### THE PROBLEM
Below is a listing; write it out exactly and drop any images from it.

### GIVEN DATA
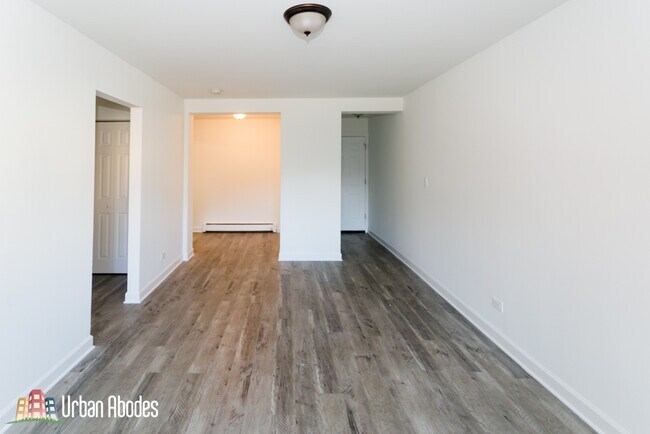 Building Photo - 6211 N Kenmore Ave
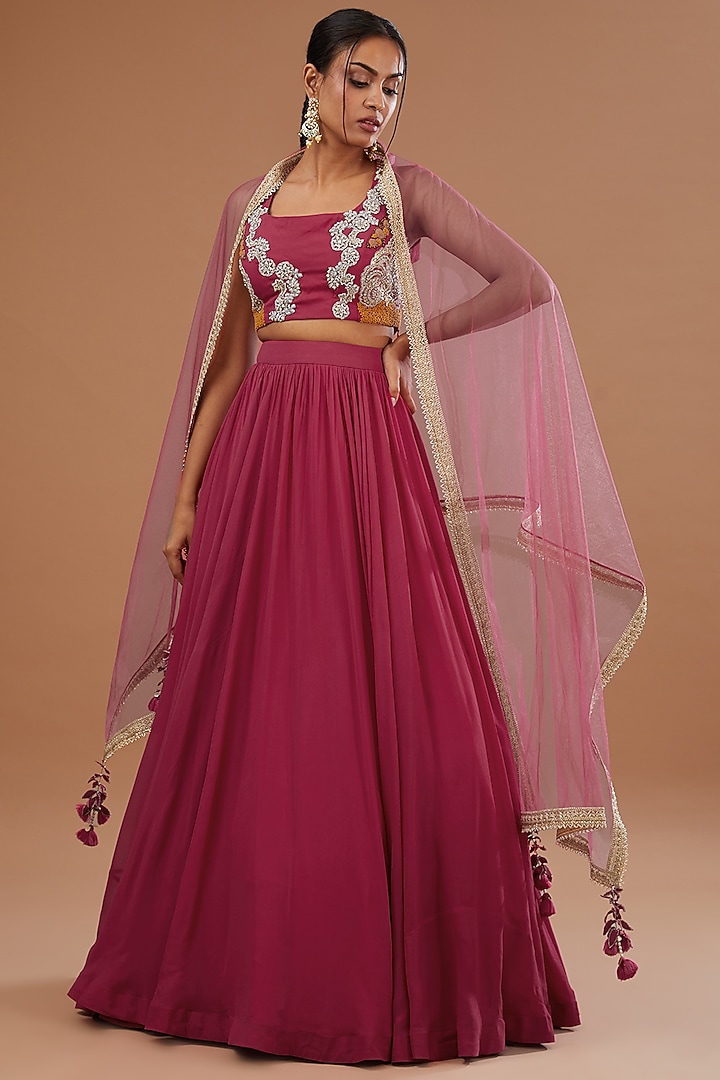 Pink Blend Silk Wedding Lehenga Set by Bhumika Sharma at Pernia's Pop Up Shop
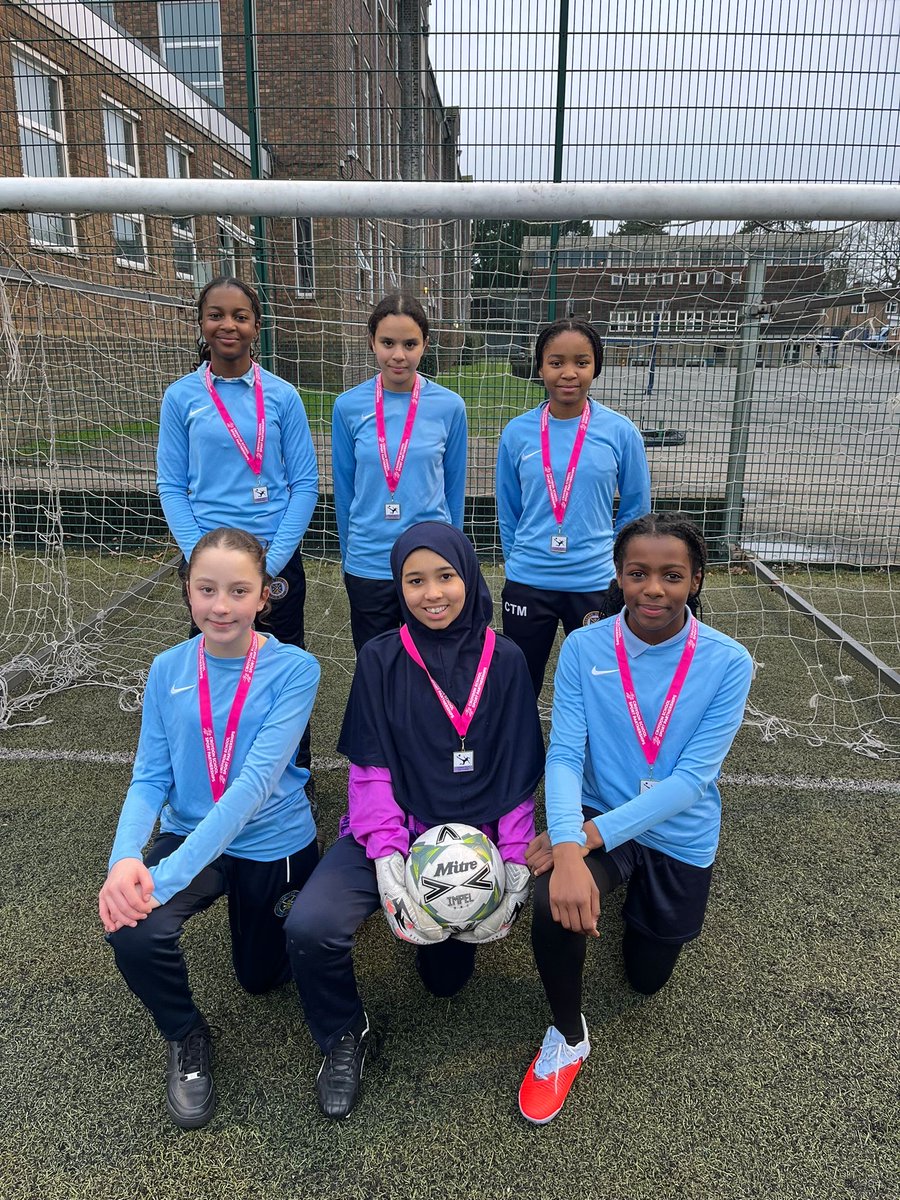 Coloma PE tweet media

### REPLY
 Building Photo - 6211 N Kenmore Ave
 Pink Blend Silk Wedding Lehenga Set by Bhumika Sharma at Pernia's Pop Up Shop
 Coloma PE tweet media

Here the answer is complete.